Blood β-Hydroxybutyrate, Glucose, and Lactate
The KE+CHO drink increased participants’ β-HB levels from 0.1 ± 0.0 to 3.5 ± 0.3 mmol/L within 30 min of consumption (Table 2). Following exercise, β-HB had decreased to 3.0 ± 0.3 mmol/L, reflecting the competing effects of β-HB oxidation by skeletal muscle during cycling (Cox et al., 2016) and the continued liberation of β-HB from the KE in the gut and liver (Stubbs et al., 2017). No increase in β-HB was observed in the CHO control group.
Glucose rose by ∼1.7 mmol/L less in the KE+CHO group than in the CHO control (Table 2). While this could be explained simply be the fact that, as the calorie content of the drinks was the same, the control drink necessarily contained more carbohydrate, Mota AS et al. (manuscript under review) showed that KE decreases hepatic gluconeogenesis in patients with type 2 diabetics and that dysfunctional gluconeogenesis is largely responsible for poor glycemic control in type 2 diabetes, a common comorbidity of PD (Santiago et al., 2017).
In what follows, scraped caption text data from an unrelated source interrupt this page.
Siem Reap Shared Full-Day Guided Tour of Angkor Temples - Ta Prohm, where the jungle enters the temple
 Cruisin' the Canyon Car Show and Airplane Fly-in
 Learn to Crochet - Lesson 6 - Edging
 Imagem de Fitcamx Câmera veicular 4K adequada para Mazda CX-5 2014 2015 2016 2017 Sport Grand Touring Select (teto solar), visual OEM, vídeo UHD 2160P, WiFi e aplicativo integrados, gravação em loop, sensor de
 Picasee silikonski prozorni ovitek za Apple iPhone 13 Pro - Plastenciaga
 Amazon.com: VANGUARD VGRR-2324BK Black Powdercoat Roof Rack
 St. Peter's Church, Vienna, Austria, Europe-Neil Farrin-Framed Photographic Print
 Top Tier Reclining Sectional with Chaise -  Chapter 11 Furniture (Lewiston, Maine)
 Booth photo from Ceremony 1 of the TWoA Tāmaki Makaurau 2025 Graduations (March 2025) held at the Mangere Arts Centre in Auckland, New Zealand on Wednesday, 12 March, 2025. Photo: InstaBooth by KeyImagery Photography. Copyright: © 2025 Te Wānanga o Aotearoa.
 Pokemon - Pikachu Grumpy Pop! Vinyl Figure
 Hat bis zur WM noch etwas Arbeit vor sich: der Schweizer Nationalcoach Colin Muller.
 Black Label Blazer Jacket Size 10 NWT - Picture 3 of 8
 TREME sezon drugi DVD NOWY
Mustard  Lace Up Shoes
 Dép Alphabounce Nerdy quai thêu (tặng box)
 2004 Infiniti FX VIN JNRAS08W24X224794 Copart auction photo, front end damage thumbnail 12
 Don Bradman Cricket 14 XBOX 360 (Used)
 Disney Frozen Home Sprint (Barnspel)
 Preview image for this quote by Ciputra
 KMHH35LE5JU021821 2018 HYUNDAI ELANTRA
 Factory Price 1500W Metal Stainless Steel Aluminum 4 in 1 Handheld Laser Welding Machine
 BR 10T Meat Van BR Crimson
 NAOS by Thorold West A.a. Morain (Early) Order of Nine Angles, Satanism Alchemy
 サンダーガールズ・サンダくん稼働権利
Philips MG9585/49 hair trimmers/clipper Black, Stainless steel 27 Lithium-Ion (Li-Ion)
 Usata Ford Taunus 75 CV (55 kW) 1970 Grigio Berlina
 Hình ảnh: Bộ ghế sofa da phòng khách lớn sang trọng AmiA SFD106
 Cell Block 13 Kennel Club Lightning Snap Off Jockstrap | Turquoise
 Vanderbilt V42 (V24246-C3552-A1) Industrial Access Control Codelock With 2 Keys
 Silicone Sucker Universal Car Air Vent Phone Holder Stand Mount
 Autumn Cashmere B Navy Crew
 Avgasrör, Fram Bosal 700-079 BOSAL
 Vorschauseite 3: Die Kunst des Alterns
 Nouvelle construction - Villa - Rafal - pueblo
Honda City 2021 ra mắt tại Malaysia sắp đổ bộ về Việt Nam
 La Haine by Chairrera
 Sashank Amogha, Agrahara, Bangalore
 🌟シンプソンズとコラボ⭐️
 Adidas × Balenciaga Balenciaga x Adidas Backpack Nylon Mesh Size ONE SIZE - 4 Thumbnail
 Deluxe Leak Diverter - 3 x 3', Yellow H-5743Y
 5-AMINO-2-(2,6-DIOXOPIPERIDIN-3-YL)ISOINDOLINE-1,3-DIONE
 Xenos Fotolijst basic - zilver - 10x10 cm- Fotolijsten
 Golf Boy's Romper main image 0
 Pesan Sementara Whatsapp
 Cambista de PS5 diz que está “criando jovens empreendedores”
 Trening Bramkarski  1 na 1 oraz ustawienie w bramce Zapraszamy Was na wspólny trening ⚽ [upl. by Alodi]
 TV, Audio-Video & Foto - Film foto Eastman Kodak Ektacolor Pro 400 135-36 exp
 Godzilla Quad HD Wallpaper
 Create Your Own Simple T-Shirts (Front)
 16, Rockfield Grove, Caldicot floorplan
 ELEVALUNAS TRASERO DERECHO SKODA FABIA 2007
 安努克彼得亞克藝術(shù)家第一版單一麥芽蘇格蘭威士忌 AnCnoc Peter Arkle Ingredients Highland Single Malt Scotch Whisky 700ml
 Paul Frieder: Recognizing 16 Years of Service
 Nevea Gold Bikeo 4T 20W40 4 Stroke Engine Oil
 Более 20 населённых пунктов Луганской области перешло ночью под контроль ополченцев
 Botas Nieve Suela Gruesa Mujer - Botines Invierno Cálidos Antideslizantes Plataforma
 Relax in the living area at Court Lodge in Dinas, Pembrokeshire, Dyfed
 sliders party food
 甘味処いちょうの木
Ketone Ester Improved Endurance Performance and Did Not Affect Maximum Sustainable Cadence
Participants cycled for 24 ± 9% (p = 0.027) longer at the therapeutic target of 80 rpm (Ridgel et al., 2009, 2015) after consuming the KE+CHO drink compared to the isocaloric CHO control (Figure 2). Absolute time sustained on the KE+CHO and CHO arms were 13:46 ± 2:50 and 11:58 ± 2:43 min, respectively. The KE+CHO drink did not negatively impact maximum sustainable cadence, as measured on the 1-min anaerobic threshold test (absolute values: 113 ± 3 rpm on KE+CHO vs. 110 ± 4 rpm on CHO).
Figure 2. Endurance exercise test performance. On the endurance test, participant cycled for 24 ± 9% longer at 80 rpm following the ketone ester plus carbohydrate (KE+CHO) drink relative to performance following the isocaloric carbohydrate (CHO) drink. Data are expressed as performance following the KE+CHO drink divided by performance following the CHO drink, where performance is defined as the length of time participants could sustain 80 rpm. * indicates p = 0.027 as determined by Wilcoxon test.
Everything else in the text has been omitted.